Chris Korwin-Kuczynski once again frothed on about the Ontario Coalition Against Poverty ---the crowd that organized the protest march and occupation of 1510 King St. West. But at least he tried to get the building used for social housing. Michael Walker and Brian Ashton oppposed.
The provincial government is even more culpable. Apparently, it owns the derelict building. By default, because the house no longer has a registered owner, the property reverts to the Crown. The owners absconded in 1994, taxes and hydro bills unpaid, and left the empty building to fester with leaking roof, rotting floorboards and walls full of black mould. The homeless squatters have peacefully occupied the premises since July, unbothered by local police. They ripped up rotten floors, tore out stinking carpets, emptied the mounds of garbage, planted a garden, fixed the roof and began the interior renovations.
"We have about 15 people living here," explained Lisa Kocsis, 20, as she showed me "the model suite" --- a bedroom and alcove, newly dry-walled.
The squat is a perfect example of functioning anarchy. Whoever wants to work, shows up and works. Whoever lives there and does some work, has first dibs on a finished room. Local fast food restaurants have been stoic about allowing unfettered use of their washrooms, and neighbours turn up with donations of water, food and equipment. It's messy, and the house is still half-wrecked, and you wouldn't want to live there if daily hygiene is an important part of your lifestyle, but 15 people have a roof over their heads and a home address.
Which is more than the city ever offered them, with its 60,000 people on the housing waiting list. Alas, despite Councillor Olivia Chow's constant urgings, the city never re-invested in social housing the $15 million plus it has saved in the last two years due to lower interest rates on its mortgages.
In recent weeks, Chow and city officials worked with OCAP members to prepare a brief to the province, making it clear that the province now owns the building. Their brief now sits on the desk of Attorney-General Dave Young, who has not bothered to respond.
Social conservatives of the Evesian peruasion should take a leaf from New York, where Mayor Bloomberg, a Republican business mogul after their own hearts, has just arranged to sell 11 abandoned Lower East Side buildings for $1 each to the squatters who have turned them into habitable homes.

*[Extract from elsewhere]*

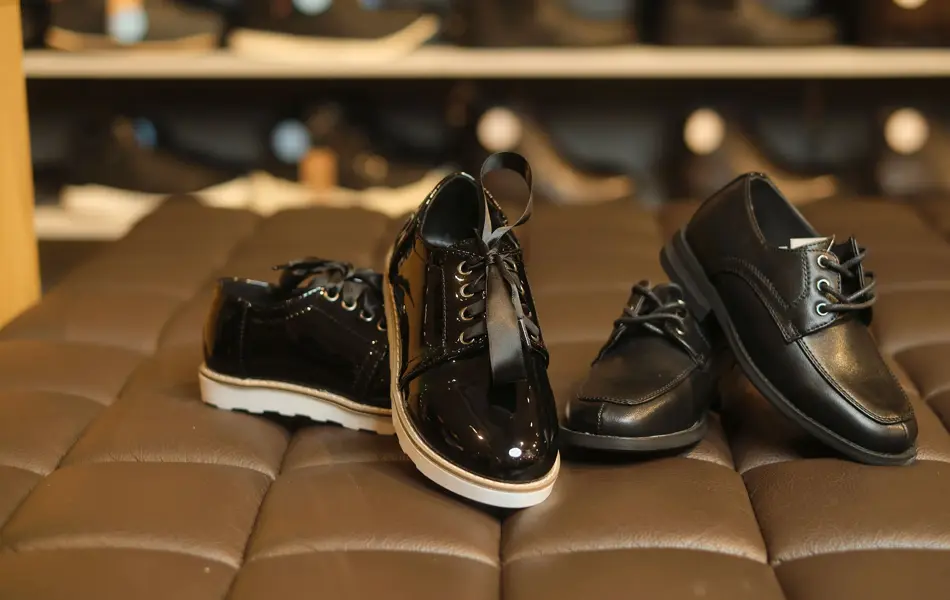 sorte lakksko fra mani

The unions and social justice groups who are supporting the squatters might also pounce on the shining example of New York's Urban Homesteading Assistance Board. It's a smart non-profit that, for 30 years, has helped vulnerable slum tenants and squatters get co-op ownership of their buildings. It secures loans for them, trains them in construction skills, provides low-cost legal help and insurance, and even teaches residents how to get rid of drug dealers.
Academics who have studied the results have good news: marginal people who find stable housing at low rents (average $500 monthly) in these buildings gradually get their feet on the ground. The slow, hard collective work of reclamation also rebuilds self-confidence. Many of the tenants, even the rebellious punks who built a skateboard park in the cellar, are now earning steady wages and raising families.
Tenant control, in other words, works far better than shelters. Stands to reason, in this capitalist culture, that independence, autonomy and sweat equity (otherwise known as pulling onself up by the bootstraps) give a person an ego boost.
OCAP has done some of the city's and province's homework for them by tracking down dozens of abandoned buildings. Now if only our elected officials would snap out of their apathy, we might actually start housing the homeless before winter sets in. What a world-class thought.